Moreover, Modi government’s ambitious program of ‘make in India’ could be adversely affected with such duty cuts, if allowed to EU as imports from Europe will swell in a big way crushing the domestic produce.

Imports of plant and animal products into EU must comply with maximum residue levels

(MRLs) set by the European Commission to protect consumers from exposure to unacceptable levels of pesticide residues. The list of products to which the MRLs apply includes animal products, fruits, vegetables, cereals, spices and certain edible plants.

India wants the EU to cut its agricultural subsidies, while the EU has interest in India reducing tariffs on dairy products, poultry, farms and fisheries. Thus, both India and the EU have strong defensive interests with respect to agriculture trade negotiations.

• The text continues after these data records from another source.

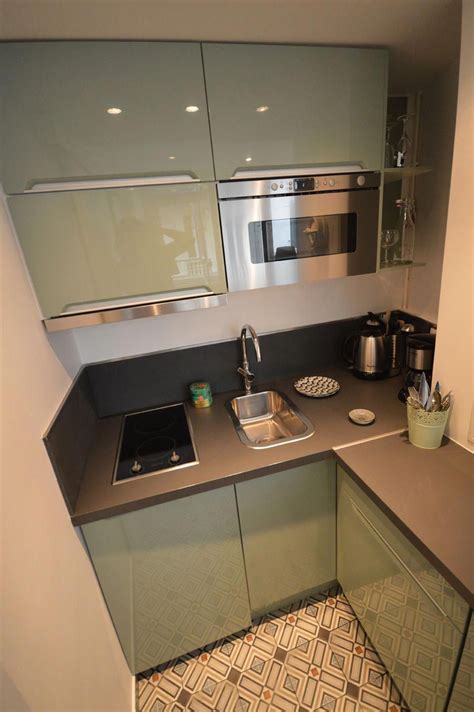 Maybe you would like to learn more about one of these? Paris 08 - Paris d'intérieur #minikitchen | Small kitchen ...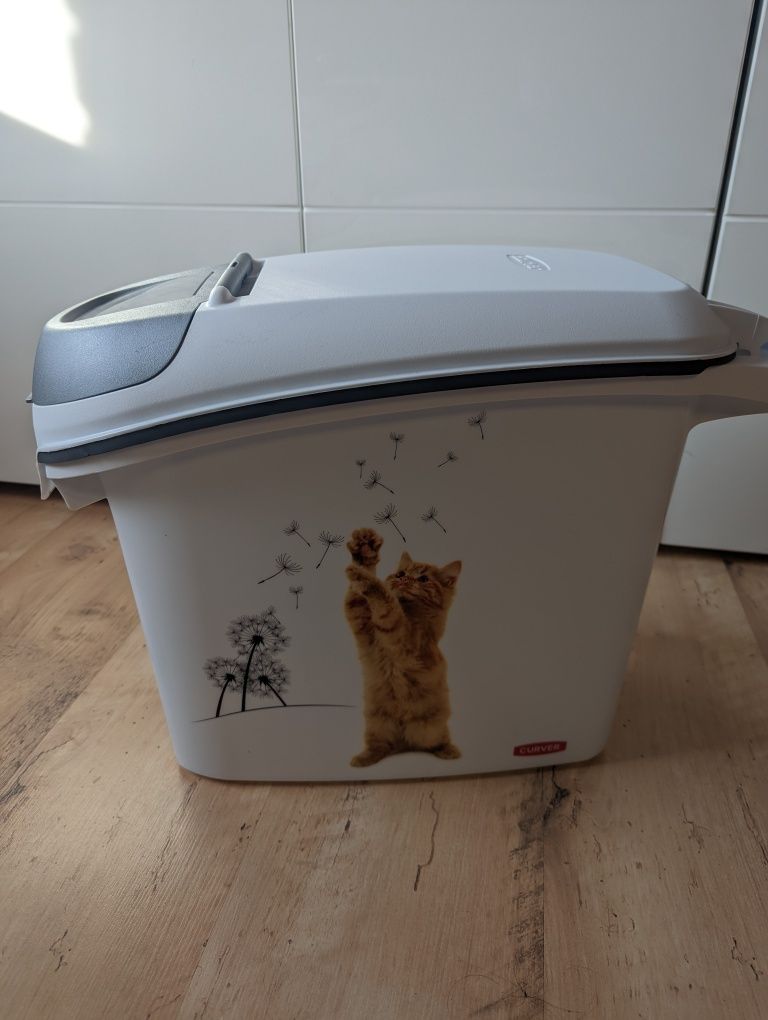 CURVER Pojemnik na karmę dla kota 6kg 15l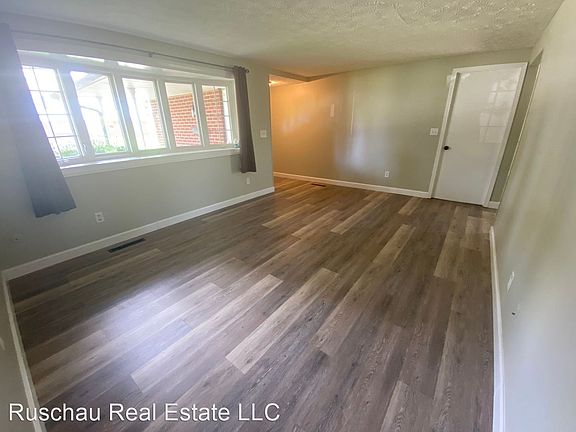 3rd image of 7806 Blackshear Dr
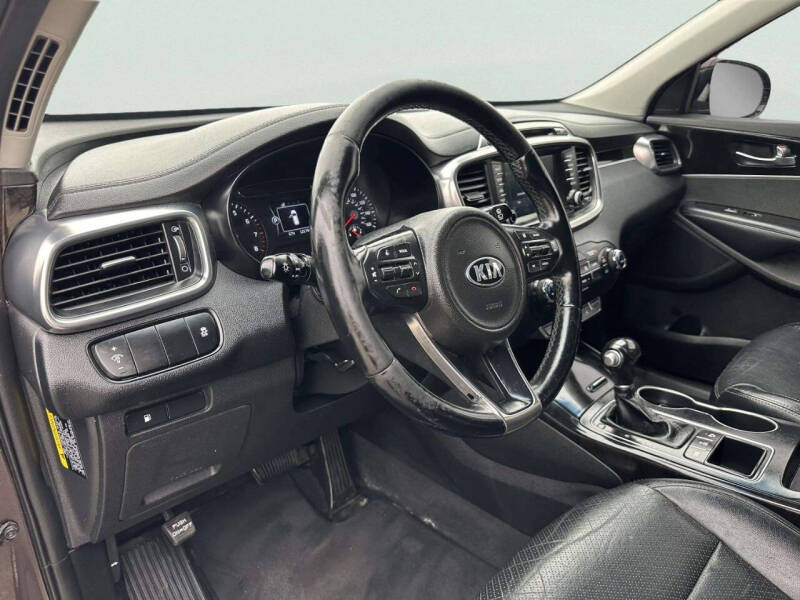 2017 Kia Sorento EX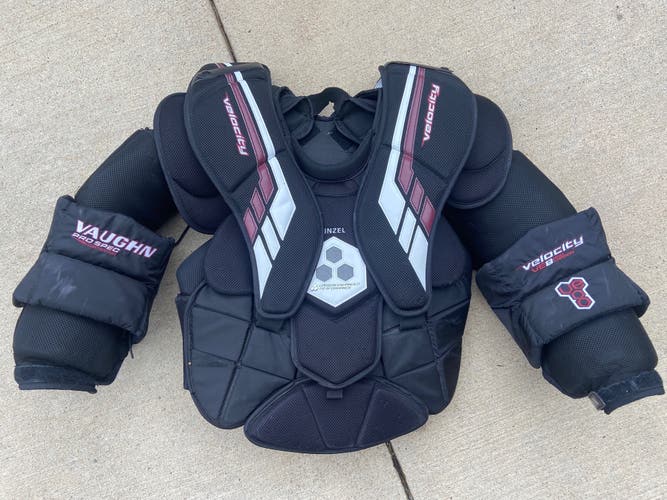 LIKE NEW | Vaughn Pro Stock VE8 Pro Carbon Goalie Chest Protector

For the EU, greater access to the Indian market is critical in view of the economic slowdown in Europe.

In goods trade, the real issue for India is non-tariff barriers such as sanitary and phyto-sanitary measures and technical barriers to trade.

Given the high unemployment rates in the EU due to economic slowdown, one is not sure to what extent the EU is willing to make commitments to liberalise trade in services.

Negotiations for the proposed Broad-based Trade and Investment Agreement have witnessed many hiccups with both sides having major differences on crucial issues, chances of an agreement appear bleak.